Donna, mamma, imprenditrice. Artigiana, per la precisione. Molti giovani sardi, dopo aver cercato invano la loro strada decidono di mollare tutto ed emigrare. Angela Sanna, 32enne di Villamassargia, ha deciso invece di restare.

"Anch'io - racconta a L’Unione Sarda - ho pensato di andarmene. Solo che avevo, e ho, una grande passione, che ho deciso di coltivare qui, nella mia terra. E di farne un lavoro".

Angela è un orafa, specializzata nella realizzazione di gioielli della tradizione sarda. Un'arte antica, che va scomparendo.

Come è nata questa passione?

"Quasi per caso. Fin da piccola mi hanno sempre affascinato le attività manuali della nostra tradizione: il cucito e il ricamo.

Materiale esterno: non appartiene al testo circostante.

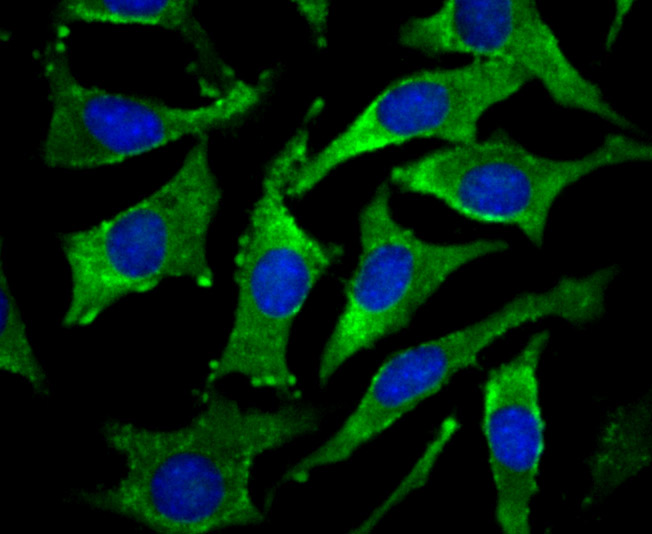 IF(ICC) staining with DCP1A (3F4) Monoclonal Antibody (bsm-54272R) at 1:100 in SH-SY5Y cells (green). The nuclear counterstain is DAPI (blue). Cells were fixed in paraformaldehyde, permeabilized with 0.25% Triton X100/PBS.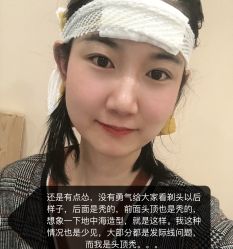 -碧莲盛·不剃发植发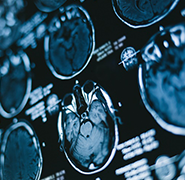 听神经瘤手术后容易复发吗？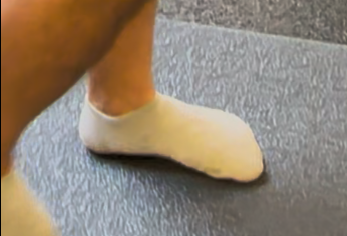 What was a flat foot; now has an actively engaged arch while walking without surgery and no orthotics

E allo stesso tempo mi sono sempre piaciuti i monili e i gioielli".

Com'è arrivata a decidere di fare dell'oreficeria la sua professione?

"Ho accantonato l’università per lavorare, anche perché ho avuto una bambina. Ho fatto la parrucchiera, l'impiegata, la segretaria. Ma non mi sentivo realizzata. A un certo punto ho pensato di partire. Poi mi sono detta: perché non provare a fare quello che ho sempre desiderato?".

È stata dura iniziare?

"Molto. L'oreficeria sarda è una sorta di casta chiusa. Ottenere un apprendistato è molto difficile e i grandi maestri sono restii a insegnare i loro segreti. Oltretutto sono quasi tutti uomini, quindi per noi donne è ancora più dura. E non parliamo dei costi…".

Quindi?

"Quindi ho iniziato in maniera fai-da-te, con il semplice assemblaggio di componenti, usando i metalli più poveri, senza fusione. Volevo però fare il salto di qualità, lavorare l'oro e l'argento, apprendere tutte le tecniche, anche quelle più difficili e rischiose, visto che devi imparare a padroneggiare fuoco e gas. Allora ho deciso di pagare per avere lezioni. Dopodiché ho chiesto un finanziamento e, grazie al microcredito, mi sono comprata gli strumenti del mestiere. E pochi mesi fa ho aperto il mio laboratorio a Cagliari. Sacrifici che spero un giorno possano essere ripagati".

Da chi ha imparato il mestiere?

"Il mio maestro è stato Giuseppe Geraci, detto Bibi, uno dei migliori orafi cagliaritani".

Si riesce a campare di artigianato?

"Dico la verità: è difficile. Ma penso che se metti tutte le tue energie in qualcosa in cui credi, prima o poi riesci a decollare. Certo, non posso competere con i grandi maestri artigiani sardi. Però sono giovane e determinata e magari un giorno…".

Qual è la forza dell’oreficeria artigianale rispetto ai grandi marchi?

"I gioielli artigianali sono fatti rigorosamente a mano, con tecniche che hanno le loro radici in secoli di tradizione. Sono esclusivi e non fatti in serie. E non parliamo della qualità: non sa quante clienti vengono a portarmi i loro gioielli di marca a riparare dopo pochi mesi dall’acquisto".

Quale tecnica della tradizione ama di più?

"Io sono specializzata nella lavorazione della filigrana, d’oro e d’argento. E adoro creare le corbule, simbolo di fertilità".

Quando si pensa ai gioielli vengono in mente soprattutto l'oro e l'argento. C'è un materiale "povero" che invece dovrebbe essere riscoperto?

"Ce ne sono molti. Ad esempio il rame, che nei secoli passati era molto utilizzato per realizzare splendidi monili".

Chi sono i suoi clienti? Fidanzati e mariti a caccia del regalo d'anniversario?

"In realtà no (ride, ndr). Sono soprattutto donne di mezza età o ragazze, che mi chiedono di realizzare qualcosa di speciale, apposta per loro. In questo periodo ho molte richieste per la tipica fede sarda, che, fortunatamente, sta tornando di moda".

Cosa si aspetta dal futuro?

"Spero di affermarmi in questo campo, per dimostrare che anche una giovane donna può farcela, nonostante il predominio degli uomini, la burocrazia e le altre difficoltà che si incontrano quotidianamente. E poi…"

E poi?

"E poi voglio finire Scienze Politiche. Dopotutto, mi mancano solo quattro esami".